Following the discussion in #4597, notify the user on the default behavior of sync_batchnorm when it is not explicitly passed to pl.Trainer by the user in multi-processing backends, e.g. DDP.

Motivation

Make the transition from training on single GPU/single process backend, e.g. DP, to multi-processing multi-GPU seamless

Pitch

Users may be unfamiliar/unaware of the default behavior of batchnorm layers when using multi-processing backends and may expect batchnorm layers to be synced and updated during backpropagation.

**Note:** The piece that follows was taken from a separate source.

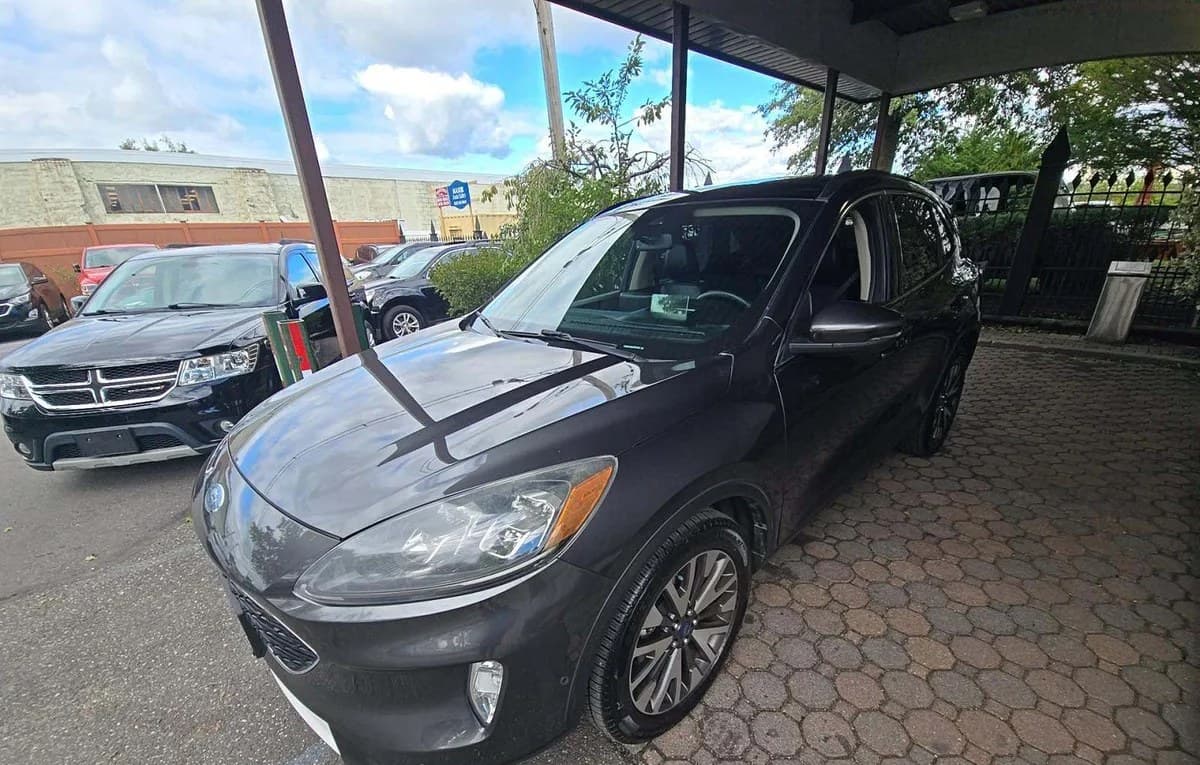 2020 FORD ESCAPE TITANIUM 2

SyncBatchNorm is mostly beneficial when batch_size is small (only few samples per GPU), however, the frequent gather operations may slow down training.

Alternatives:

Set to True by default and notify user: 'Running in backend and sync_batchnorm was not set, we enable it for you. Please note it is mostly beneficial with small batch size but may slow down training.' I personally think this is the preferred behavior since it maintains the same behavior when moving from DP to DDP.
Set to False by default and notify user: 'Running in backend, sync_batchnorm was not set and defaults to False. Consider setting sync_batchnorm=True, it may be beneficial with small batch-size.'

DDP discussion enhancement help wanted

Source

itsikad

All 3 comments

@PyTorchLightning/core-contributors any thoughts here?

Borda on 20 Nov 2020

I prefer the current False default, but I imagine a message reminding you to turn it on when it's not your intention might get annoying...

s-rog on 23 Nov 2020

👍1

@Borda I agree with the fact that the default syncbn behavior should be False and a warning to the users could be annoying. Setting syncbn to True is not required in majority of the cases.